On that eventful day, Tommy arrives at exactly 2.01 p.m. at Sharon's apartment and Sharon, being the loving girlfriend that she is, ensured that she was punctual because she knew that Tommy is very picky about tardiness. Being the gentleman that Tommy is, he brought a pink rose (stereotypically Sharon's favorite) for her. Now we have arrived at the juncture where I explain to you what the point of this story is. We are going to estimate what a date costs for a couple (or in most cases, men) to go out on a date and hopefully make some conclusions about the price of love. The rose just cost Tommy RM10.

On with the story. Sharon gives Tommy a tight hug and a long frenchy, long enough to give him a whiff of the Chanel perfume he bought her for her 23rd birthday (RM350). After some additional tender-lovingness that is not going to be elaborated in this issue (or any other issue), they are on their way to Mid Valley. What is there to do at Mid Valley besides shopping (window or otherwise). Now, before you begin having preconceptions of me exaggerating the cost of date, I assure you that for the sake of all my avid readers, Sharon is not a spoilt brat or a demanding girlfriend.
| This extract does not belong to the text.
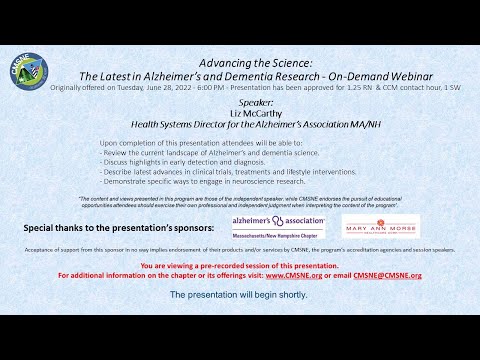 CMSNE's Advancing the Science: The Latest in Alzheimer’s and Dementia Research– On-Demand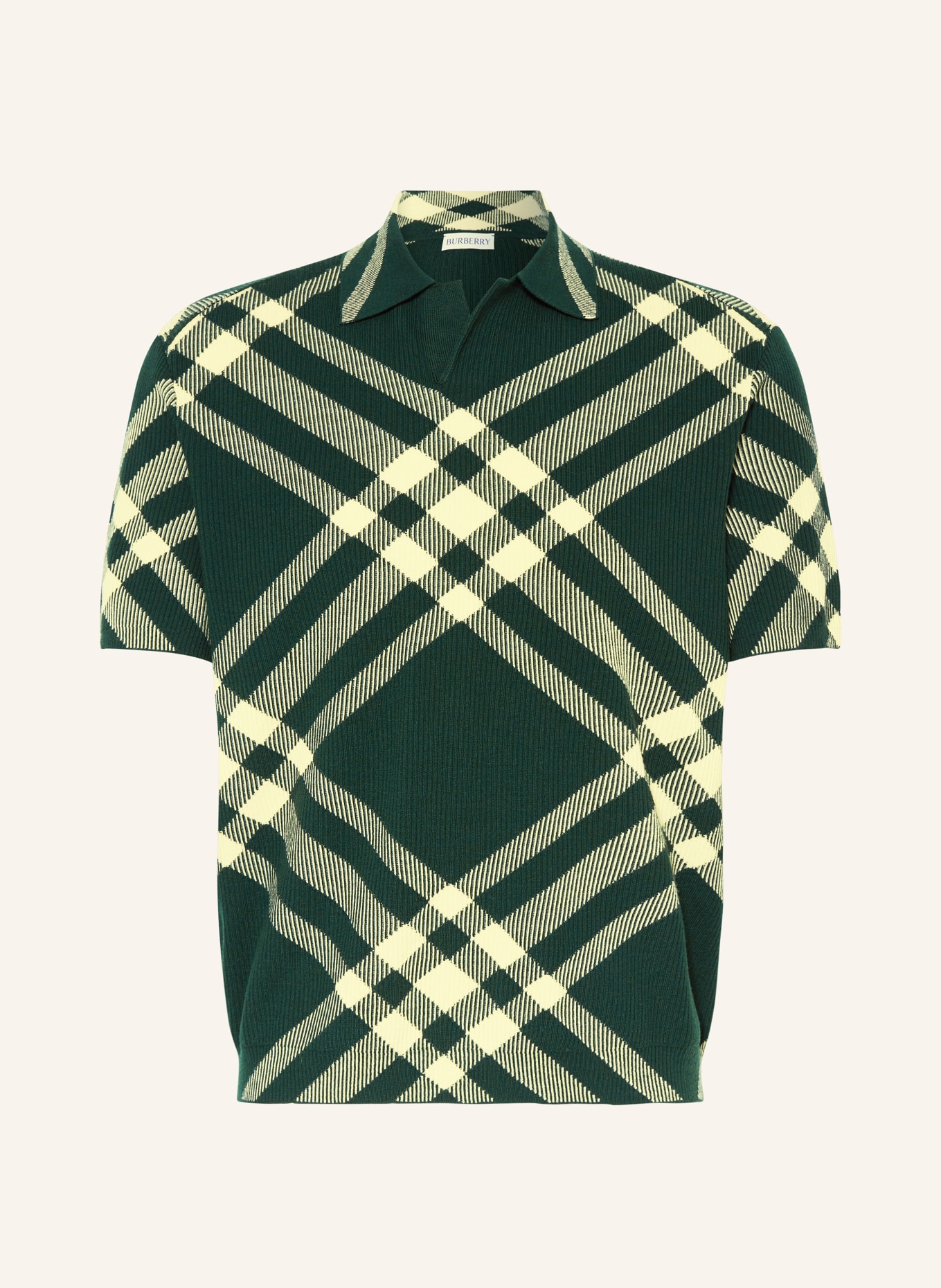 BURBERRY Strick-Poloshirt DAFFODIL Classic Fit, Farbe: DUNKELGRÜN/ HELLGELB (Bild 1)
The shopping mainly constituted browsing through clothing from shops like Zara, Top Shop etc. Occassionally, Sharon would hint at Tommy about how nice that skirt was at Zara. Tommy would reply nonchalantly while making a mental note to get it for her as a surprise during the next special occassion. That skirt will cost him RM 59.

After walking around for about two hours (Tommy is a real man and he is not going to bitch about shopping), Tommy suggests that they get a drink and relaxed for a bit. Sharon excitedly requests for a Mocha Frap from Starbucks. Knowing that they probably might not finish two drinks, Tommy orders a Large (or Venti or whatever they call it) Mocha Frap. RM16.50. They agreed that they should probably get their movie tickets while it is still early. Two tickets for couple seats for Harry Potter: RM 30. Nothing eventful occurs until dinnertime.

After haggling over Sushi Zanmai or Italiannese, they finally settled for Italiannese because there was no line at the entrance. Salmon Fettucini and Calamari Caesar Salad, with two drinks: RM80 (conservative estimate).

I am not going to include the price of popcorn or drinks during the movie because any sane person who has eaten at Italiannese will know that after dinner, you'd have to be Jabba to down more food. After the movie they left Mid Valley and headed back to her place. Depending on your imagination, what entails will be left out and let's assume that it cost them about RM12.

Totalling the cost for the goods that were mentioned in the relationship:

Rose: RM10
Chanel Perfume: RM350
Skirt: RM59
Mocha Frap: RM 16.50
Movie Tickets: RM30
Dinner: RM80
Parking: RM5
"Extra goods": RM12

Total: RM562.50
Total (excluding perfume): RM212.50

Okay, maybe the perfume was a bit too much and let's just assume it's a once a year thing. Even so, the total expenditure for the day was a whopping RM212.50!!

If you have read my last issue, my company's total expected expenditure is RM1765. That would mean that a date would cost about 12% of my monthly expenditure and 9% of my company's revenue. Wow!! I am sure any beginning investor would be happy to make 9% per year.

Let's just say they only manage to go out once a month. Now we include spending during special occassions like Birthdays (two a year), Valentine's Day, Anniversary (2 gifts), Christmas (2 gifts) and random gifts (2 a year), Assuming that RM150 is spent per gift, that would entail another RM750 per year. Total expenditure per year of dating would be RM3300.

Is love worth RM3300 per year? I don't know. To some people, maybe. I mean, if you paid for an escort, it would probably cost more than RM212.50 per day. So maybe it is worth it after all.

The Lean and Mean Machine (update)

For cost and efficiency purposes, I have decided to only to publish my income statement monthly, all the relevant financial statements quarterly, and a special annual report.